If you got the money then do as you please you wont be upset with Advanced Nutrient its a good line just expensive, if you like to pinch your pennies ( which a lot of growers do) then get something cheaper like GH.


----------



## CEAhaze (May 23, 2011)

In my hydro experience, I have tried Dutch Master, GH, but I had better success with AN. I am not saying AN is the best but it is very convenient for me because I have connects to get them for wholesale price. This is the reason I'm using the whole line. But honestly, I think you can get away with replacing some of their additives for something cheaper at the garden store.
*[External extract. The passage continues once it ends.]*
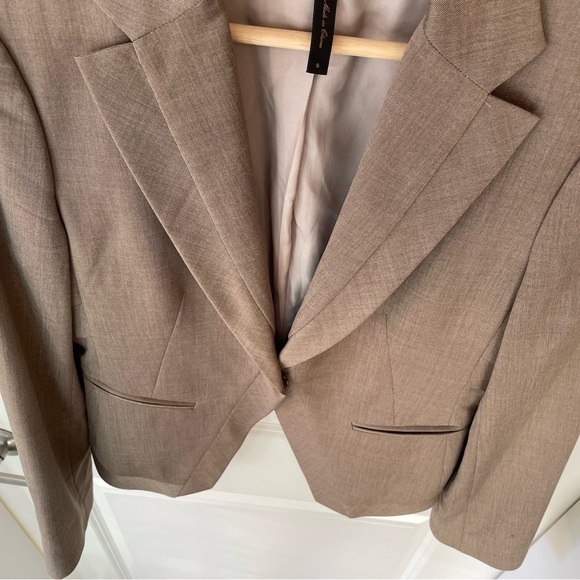 BCBG Max Azaria | Tuxedo Style | Size S | Fully Lined | Wool Blend | Dry Clean - Picture 6 of 8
I also tried adding Rhino Skin & Senzism in veg and my plants looked better than ever. Again only sharing my experience and if your funds are limited, research the analysis they have on each additives and I'm pretty sure you can replace them with other cheaper brands.


----------



## max316420 (May 23, 2011)

Did you find that rhino skin dropped your ph to waaaay low levels? I'm thinking that it fucked my ph up in my promix and caused lockout..


----------



## Shanus (May 23, 2011)

Im not convinced these boosters do all that much. I am a current AN 3part user, and love the ease and versatility of it. BUT, I did try their BIG BUD and Voodoo Juice at one time. Lets just say I returned the products and bought more of the 3 parts. I like a clean/synthetic tank, so the 2 expensive boosters just pissed me off. Damn, how much crap you gotta dump in a tank? Fukn fighting sludge and all kinds of crap. Not to mention, voodoo is organic. Chlorinated tap water puts a damper on that shit anyhow. Ive never suffered ph problems, aside from ME adding to much down. I just set my 15 gallons at 5.4 and top it off each 3 days and add the tiniest bit of down (1/8 ounce). Sometimes when the ladies are booming and my tanks are older, the ph stays put. Once it drops, salt buildup, time to changeout. 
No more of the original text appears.